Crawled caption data
>>>

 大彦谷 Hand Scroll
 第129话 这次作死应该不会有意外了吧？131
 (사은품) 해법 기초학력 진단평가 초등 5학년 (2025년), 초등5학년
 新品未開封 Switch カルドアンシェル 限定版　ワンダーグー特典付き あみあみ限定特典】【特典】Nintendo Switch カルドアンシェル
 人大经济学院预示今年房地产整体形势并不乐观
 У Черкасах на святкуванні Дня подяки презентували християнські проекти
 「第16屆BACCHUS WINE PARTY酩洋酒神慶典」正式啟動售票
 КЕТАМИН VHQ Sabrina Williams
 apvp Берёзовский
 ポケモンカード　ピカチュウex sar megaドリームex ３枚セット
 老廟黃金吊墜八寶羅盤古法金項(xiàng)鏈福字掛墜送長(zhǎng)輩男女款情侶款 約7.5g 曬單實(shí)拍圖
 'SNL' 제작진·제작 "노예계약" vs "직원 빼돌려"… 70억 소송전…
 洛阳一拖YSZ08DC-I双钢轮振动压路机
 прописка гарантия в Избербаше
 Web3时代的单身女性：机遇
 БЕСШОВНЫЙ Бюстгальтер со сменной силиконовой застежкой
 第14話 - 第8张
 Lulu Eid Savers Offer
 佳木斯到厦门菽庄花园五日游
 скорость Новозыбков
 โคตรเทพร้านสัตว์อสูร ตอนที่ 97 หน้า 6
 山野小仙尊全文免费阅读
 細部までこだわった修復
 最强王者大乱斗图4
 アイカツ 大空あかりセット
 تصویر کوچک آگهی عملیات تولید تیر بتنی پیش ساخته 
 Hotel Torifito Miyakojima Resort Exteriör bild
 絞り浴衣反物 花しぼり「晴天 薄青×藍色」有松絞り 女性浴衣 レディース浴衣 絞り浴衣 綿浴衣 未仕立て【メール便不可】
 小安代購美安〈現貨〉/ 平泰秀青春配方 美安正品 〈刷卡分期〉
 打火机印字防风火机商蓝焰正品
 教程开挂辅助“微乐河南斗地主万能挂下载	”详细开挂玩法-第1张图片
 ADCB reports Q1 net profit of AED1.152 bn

<<<

Instructions to follow => Word-for-word copies of all the records are required.

Exercise result =>
 大彦谷 Hand Scroll
 第129话 这次作死应该不会有意外了吧？131
 (사은품) 해법 기초학력 진단평가 초등 5학년 (2025년), 초등5학년
 新品未開封 Switch カルドアンシェル 限定版　ワンダーグー特典付き あみあみ限定特典】【特典】Nintendo Switch カルドアンシェル
 人大经济学院预示今年房地产整体形势并不乐观
 У Черкасах на святкуванні Дня подяки презентували християнські проекти
 「第16屆BACCHUS WINE PARTY酩洋酒神慶典」正式啟動售票
 КЕТАМИН VHQ Sabrina Williams
 apvp Берёзовский
 ポケモンカード　ピカチュウex sar megaドリームex ３枚セット
 老廟黃金吊墜八寶羅盤古法金項(xiàng)鏈福字掛墜送長(zhǎng)輩男女款情侶款 約7.5g 曬單實(shí)拍圖
 'SNL' 제작진·제작 "노예계약" vs "직원 빼돌려"… 70억 소송전…
 洛阳一拖YSZ08DC-I双钢轮振动压路机
 прописка гарантия в Избербаше
 Web3时代的单身女性：机遇
 БЕСШОВНЫЙ Бюстгальтер со сменной силиконовой застежкой
 第14話 - 第8张
 Lulu Eid Savers Offer
 佳木斯到厦门菽庄花园五日游
 скорость Новозыбков
 โคตรเทพร้านสัตว์อสูร ตอนที่ 97 หน้า 6
 山野小仙尊全文免费阅读
 細部までこだわった修復
 最强王者大乱斗图4
 アイカツ 大空あかりセット
 تصویر کوچک آگهی عملیات تولید تیر بتنی پیش ساخته 
 Hotel Torifito Miyakojima Resort Exteriör bild
 絞り浴衣反物 花しぼり「晴天 薄青×藍色」有松絞り 女性浴衣 レディース浴衣 絞り浴衣 綿浴衣 未仕立て【メール便不可】
 小安代購美安〈現貨〉/ 平泰秀青春配方 美安正品 〈刷卡分期〉
 打火机印字防风火机商蓝焰正品
 教程开挂辅助“微乐河南斗地主万能挂下载	”详细开挂玩法-第1张图片
 ADCB reports Q1 net profit of AED1.152 bn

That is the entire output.